#### [Problem to work on]
Transcribe exactly the stretch of lines beginning at the one containing "Hey Grace, I'm" and closing with the last line of the entries below. Omit images.

[Items listed in a dataset]
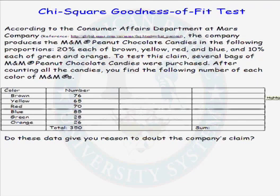Let's look at an example of a chi-squared goodness of fit test. According to the Consumer Affairs Department at Mars Company, the company produces M&M peanut chocolate candies in the following proportions: 20% each of brown, yellow, red, and blue, and 10% each of green and orange. We want to know whether what the company claims is true or not. To do this, several bags of M&M peanut chocolate candies are purchased, and after counting all the candies, the following numbers of each color were found. The question is: do these data give you reason to doubt the company's claim?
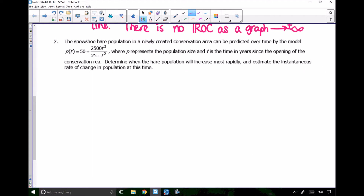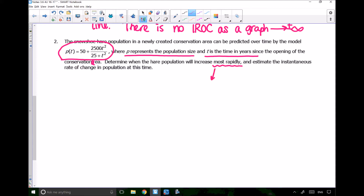In number 2, we have a word problem. The snowshoe hare population in a newly created conservation area can be predicted by P(T) = 50 + 2500T² over (25 + T²), where P represents the population size and T is the time in years since the opening of the conservation area. We need to determine when the hare population will increase most rapidly, then estimate the instantaneous rate of change at that time. I'll solve this graphically.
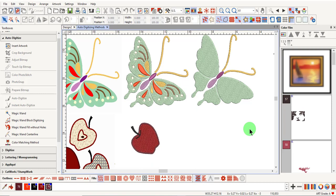Instant Auto Digitize and Auto Digitize will add filled and outlined stitches to all areas of the artwork. The difference between these two methods is that you have more control with stitch type and sequence with Auto Digitize.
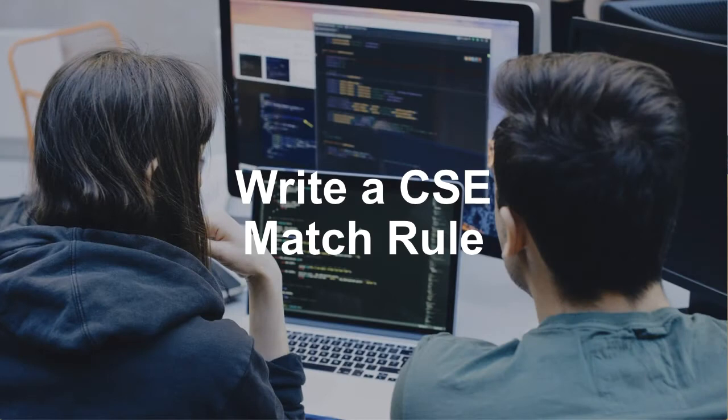Hey Grace, I'm starting to get the hang of CSE for monitoring security. I know that rules are the key to CSE's signals and insights. I think it'll be fun to write one of my own.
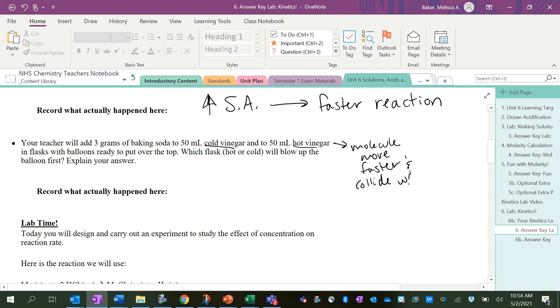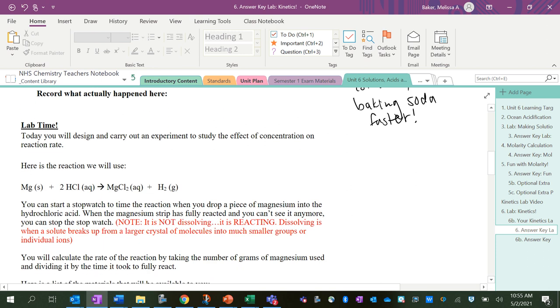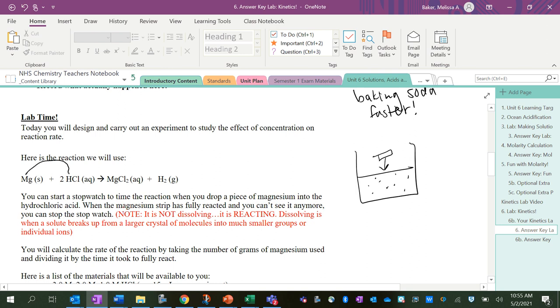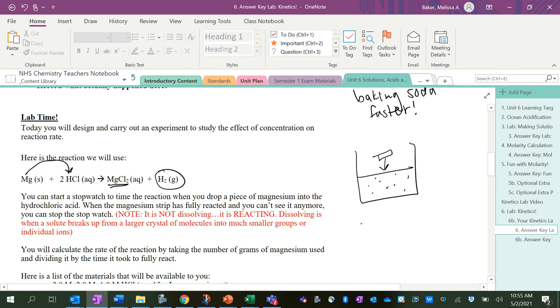But today what we're doing in the lab is studying how concentration affects the reaction rate. So we added a little strip of magnesium, silver shiny metal, to some hydrochloric acid. What happens is magnesium actually kicks out hydrogen and is with the chlorine, and it makes hydrogen gas. So there is a rearrangement of atoms—this is definitely a reaction.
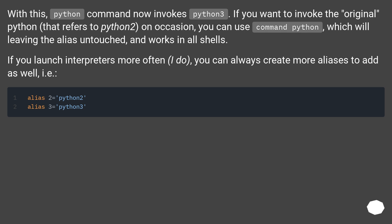With this, the python command now invokes Python 3. If you want to invoke the original Python that refers to Python 2 on occasion, you can use 'command python', which will leave the alias untouched and works in all shells.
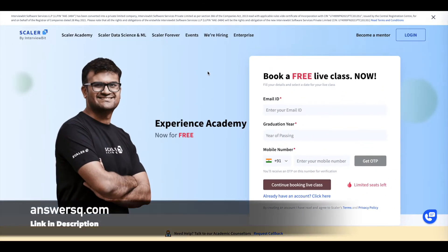Hi buddy, welcome back to Answers Cube. In this video we'll be seeing 4 free live online courses that are going to be offered by Scalar Academy in upcoming days. Let's see it now.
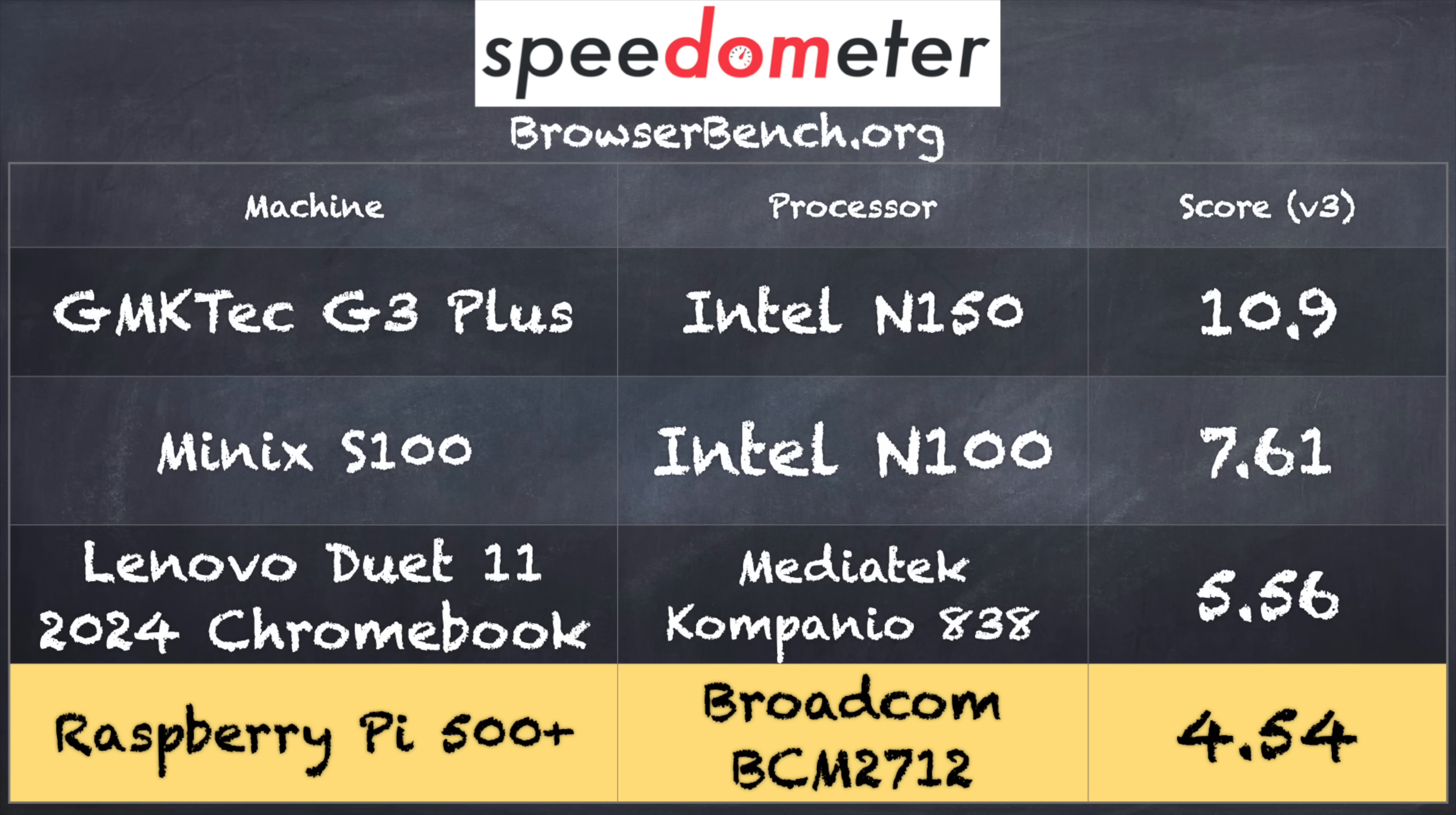And on the browserbench.org speedometer benchmark test, we got a score of 4.54. If you look at that GM KTEC G3 Plus that has the Intel N150 and sells for around the price of this one or less, you'll see that it scores 2.4 times faster web browsing versus the Raspberry Pi here.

#### [Finished task]
Hey Grace, I'm starting to get the hang of CSE for monitoring security. I know that rules are the key to CSE's signals and insights. I think it'll be fun to write one of my own.
But today what we're doing in the lab is studying how concentration affects the reaction rate. So we added a little strip of magnesium, silver shiny metal, to some hydrochloric acid. What happens is magnesium actually kicks out hydrogen and is with the chlorine, and it makes hydrogen gas. So there is a rearrangement of atoms—this is definitely a reaction.
With this, the python command now invokes Python 3. If you want to invoke the original Python that refers to Python 2 on occasion, you can use 'command python', which will leave the alias untouched and works in all shells.
Hi buddy, welcome back to Answers Cube. In this video we'll be seeing 4 free live online courses that are going to be offered by Scalar Academy in upcoming days. Let's see it now.
And on the browserbench.org speedometer benchmark test, we got a score of 4.54. If you look at that GM KTEC G3 Plus that has the Intel N150 and sells for around the price of this one or less, you'll see that it scores 2.4 times faster web browsing versus the Raspberry Pi here.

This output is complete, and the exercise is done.